• **What to produce**:
Please give the data again in full, exactly as provided.

:: Data for processing

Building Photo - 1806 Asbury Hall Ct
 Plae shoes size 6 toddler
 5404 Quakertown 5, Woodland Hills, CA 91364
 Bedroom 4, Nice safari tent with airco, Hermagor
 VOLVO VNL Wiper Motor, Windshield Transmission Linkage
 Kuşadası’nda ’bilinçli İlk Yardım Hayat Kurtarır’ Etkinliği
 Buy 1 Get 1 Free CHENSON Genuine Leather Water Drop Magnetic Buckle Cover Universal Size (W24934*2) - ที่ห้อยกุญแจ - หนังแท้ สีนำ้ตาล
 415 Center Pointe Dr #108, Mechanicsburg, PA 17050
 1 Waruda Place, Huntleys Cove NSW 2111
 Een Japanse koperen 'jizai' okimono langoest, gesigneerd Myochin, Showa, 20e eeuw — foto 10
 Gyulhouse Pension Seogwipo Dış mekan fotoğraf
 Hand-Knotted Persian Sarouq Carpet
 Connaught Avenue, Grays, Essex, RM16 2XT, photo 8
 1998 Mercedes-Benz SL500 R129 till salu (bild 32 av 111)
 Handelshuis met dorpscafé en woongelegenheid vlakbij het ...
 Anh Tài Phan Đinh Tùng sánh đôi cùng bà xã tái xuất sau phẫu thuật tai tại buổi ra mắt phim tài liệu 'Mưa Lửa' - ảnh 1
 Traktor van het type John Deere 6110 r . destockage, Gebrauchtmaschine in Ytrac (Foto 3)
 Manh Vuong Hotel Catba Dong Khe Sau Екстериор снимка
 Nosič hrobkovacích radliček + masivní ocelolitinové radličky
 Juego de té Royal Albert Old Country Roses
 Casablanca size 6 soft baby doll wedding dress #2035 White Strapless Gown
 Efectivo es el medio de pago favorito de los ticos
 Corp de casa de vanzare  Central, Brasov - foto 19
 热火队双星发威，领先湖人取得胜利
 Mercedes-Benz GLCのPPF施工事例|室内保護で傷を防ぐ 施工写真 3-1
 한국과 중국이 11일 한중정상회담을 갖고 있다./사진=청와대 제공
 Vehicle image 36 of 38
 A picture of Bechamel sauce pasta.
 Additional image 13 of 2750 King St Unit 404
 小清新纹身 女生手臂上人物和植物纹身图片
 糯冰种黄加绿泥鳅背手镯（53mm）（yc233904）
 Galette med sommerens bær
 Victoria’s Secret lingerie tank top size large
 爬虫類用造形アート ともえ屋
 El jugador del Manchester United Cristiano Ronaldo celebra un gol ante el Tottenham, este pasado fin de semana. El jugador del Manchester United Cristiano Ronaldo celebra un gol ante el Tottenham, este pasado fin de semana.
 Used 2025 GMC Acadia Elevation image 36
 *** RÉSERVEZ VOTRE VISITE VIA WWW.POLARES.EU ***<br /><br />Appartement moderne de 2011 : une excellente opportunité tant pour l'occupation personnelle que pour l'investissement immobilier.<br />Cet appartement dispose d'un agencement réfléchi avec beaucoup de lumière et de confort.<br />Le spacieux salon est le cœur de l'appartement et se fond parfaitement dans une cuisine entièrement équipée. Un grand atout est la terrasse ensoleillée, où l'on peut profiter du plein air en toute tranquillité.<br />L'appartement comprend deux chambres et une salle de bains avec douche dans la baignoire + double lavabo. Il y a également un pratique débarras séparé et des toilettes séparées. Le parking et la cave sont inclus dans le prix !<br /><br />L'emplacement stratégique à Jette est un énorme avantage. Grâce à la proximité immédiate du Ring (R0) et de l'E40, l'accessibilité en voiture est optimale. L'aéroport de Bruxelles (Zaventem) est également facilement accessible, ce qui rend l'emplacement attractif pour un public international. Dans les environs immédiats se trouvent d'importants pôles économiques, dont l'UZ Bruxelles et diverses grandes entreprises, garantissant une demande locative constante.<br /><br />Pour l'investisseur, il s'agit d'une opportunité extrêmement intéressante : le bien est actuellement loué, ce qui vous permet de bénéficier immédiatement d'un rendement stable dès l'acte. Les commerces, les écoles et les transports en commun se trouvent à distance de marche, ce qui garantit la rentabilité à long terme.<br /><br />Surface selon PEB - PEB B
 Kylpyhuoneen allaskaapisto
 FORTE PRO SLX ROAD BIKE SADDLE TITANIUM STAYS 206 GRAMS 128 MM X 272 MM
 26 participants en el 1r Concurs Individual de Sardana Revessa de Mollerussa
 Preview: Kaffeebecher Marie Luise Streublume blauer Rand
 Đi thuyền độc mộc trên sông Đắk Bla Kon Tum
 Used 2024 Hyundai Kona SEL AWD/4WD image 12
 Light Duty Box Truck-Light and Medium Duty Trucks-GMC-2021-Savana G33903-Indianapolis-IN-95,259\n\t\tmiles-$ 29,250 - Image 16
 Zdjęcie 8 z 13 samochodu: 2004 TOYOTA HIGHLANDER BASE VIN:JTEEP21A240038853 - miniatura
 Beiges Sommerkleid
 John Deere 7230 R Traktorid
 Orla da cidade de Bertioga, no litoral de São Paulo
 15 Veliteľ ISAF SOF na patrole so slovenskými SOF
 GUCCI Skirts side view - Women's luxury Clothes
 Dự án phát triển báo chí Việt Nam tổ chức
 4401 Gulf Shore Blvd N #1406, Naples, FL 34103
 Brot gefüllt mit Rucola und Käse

::::

• **Task result**:
Building Photo - 1806 Asbury Hall Ct
 Plae shoes size 6 toddler
 5404 Quakertown 5, Woodland Hills, CA 91364
 Bedroom 4, Nice safari tent with airco, Hermagor
 VOLVO VNL Wiper Motor, Windshield Transmission Linkage
 Kuşadası’nda ’bilinçli İlk Yardım Hayat Kurtarır’ Etkinliği
 Buy 1 Get 1 Free CHENSON Genuine Leather Water Drop Magnetic Buckle Cover Universal Size (W24934*2) - ที่ห้อยกุญแจ - หนังแท้ สีนำ้ตาล
 415 Center Pointe Dr #108, Mechanicsburg, PA 17050
 1 Waruda Place, Huntleys Cove NSW 2111
 Een Japanse koperen 'jizai' okimono langoest, gesigneerd Myochin, Showa, 20e eeuw — foto 10
 Gyulhouse Pension Seogwipo Dış mekan fotoğraf
 Hand-Knotted Persian Sarouq Carpet
 Connaught Avenue, Grays, Essex, RM16 2XT, photo 8
 1998 Mercedes-Benz SL500 R129 till salu (bild 32 av 111)
 Handelshuis met dorpscafé en woongelegenheid vlakbij het ...
 Anh Tài Phan Đinh Tùng sánh đôi cùng bà xã tái xuất sau phẫu thuật tai tại buổi ra mắt phim tài liệu 'Mưa Lửa' - ảnh 1
 Traktor van het type John Deere 6110 r . destockage, Gebrauchtmaschine in Ytrac (Foto 3)
 Manh Vuong Hotel Catba Dong Khe Sau Екстериор снимка
 Nosič hrobkovacích radliček + masivní ocelolitinové radličky
 Juego de té Royal Albert Old Country Roses
 Casablanca size 6 soft baby doll wedding dress #2035 White Strapless Gown
 Efectivo es el medio de pago favorito de los ticos
 Corp de casa de vanzare  Central, Brasov - foto 19
 热火队双星发威，领先湖人取得胜利
 Mercedes-Benz GLCのPPF施工事例|室内保護で傷を防ぐ 施工写真 3-1
 한국과 중국이 11일 한중정상회담을 갖고 있다./사진=청와대 제공
 Vehicle image 36 of 38
 A picture of Bechamel sauce pasta.
 Additional image 13 of 2750 King St Unit 404
 小清新纹身 女生手臂上人物和植物纹身图片
 糯冰种黄加绿泥鳅背手镯（53mm）（yc233904）
 Galette med sommerens bær
 Victoria’s Secret lingerie tank top size large
 爬虫類用造形アート ともえ屋
 El jugador del Manchester United Cristiano Ronaldo celebra un gol ante el Tottenham, este pasado fin de semana. El jugador del Manchester United Cristiano Ronaldo celebra un gol ante el Tottenham, este pasado fin de semana.
 Used 2025 GMC Acadia Elevation image 36
 *** RÉSERVEZ VOTRE VISITE VIA WWW.POLARES.EU ***<br /><br />Appartement moderne de 2011 : une excellente opportunité tant pour l'occupation personnelle que pour l'investissement immobilier.<br />Cet appartement dispose d'un agencement réfléchi avec beaucoup de lumière et de confort.<br />Le spacieux salon est le cœur de l'appartement et se fond parfaitement dans une cuisine entièrement équipée. Un grand atout est la terrasse ensoleillée, où l'on peut profiter du plein air en toute tranquillité.<br />L'appartement comprend deux chambres et une salle de bains avec douche dans la baignoire + double lavabo. Il y a également un pratique débarras séparé et des toilettes séparées. Le parking et la cave sont inclus dans le prix !<br /><br />L'emplacement stratégique à Jette est un énorme avantage. Grâce à la proximité immédiate du Ring (R0) et de l'E40, l'accessibilité en voiture est optimale. L'aéroport de Bruxelles (Zaventem) est également facilement accessible, ce qui rend l'emplacement attractif pour un public international. Dans les environs immédiats se trouvent d'importants pôles économiques, dont l'UZ Bruxelles et diverses grandes entreprises, garantissant une demande locative constante.<br /><br />Pour l'investisseur, il s'agit d'une opportunité extrêmement intéressante : le bien est actuellement loué, ce qui vous permet de bénéficier immédiatement d'un rendement stable dès l'acte. Les commerces, les écoles et les transports en commun se trouvent à distance de marche, ce qui garantit la rentabilité à long terme.<br /><br />Surface selon PEB - PEB B
 Kylpyhuoneen allaskaapisto
 FORTE PRO SLX ROAD BIKE SADDLE TITANIUM STAYS 206 GRAMS 128 MM X 272 MM
 26 participants en el 1r Concurs Individual de Sardana Revessa de Mollerussa
 Preview: Kaffeebecher Marie Luise Streublume blauer Rand
 Đi thuyền độc mộc trên sông Đắk Bla Kon Tum
 Used 2024 Hyundai Kona SEL AWD/4WD image 12
 Light Duty Box Truck-Light and Medium Duty Trucks-GMC-2021-Savana G33903-Indianapolis-IN-95,259\n\t\tmiles-$ 29,250 - Image 16
 Zdjęcie 8 z 13 samochodu: 2004 TOYOTA HIGHLANDER BASE VIN:JTEEP21A240038853 - miniatura
 Beiges Sommerkleid
 John Deere 7230 R Traktorid
 Orla da cidade de Bertioga, no litoral de São Paulo
 15 Veliteľ ISAF SOF na patrole so slovenskými SOF
 GUCCI Skirts side view - Women's luxury Clothes
 Dự án phát triển báo chí Việt Nam tổ chức
 4401 Gulf Shore Blvd N #1406, Naples, FL 34103
 Brot gefüllt mit Rucola und Käse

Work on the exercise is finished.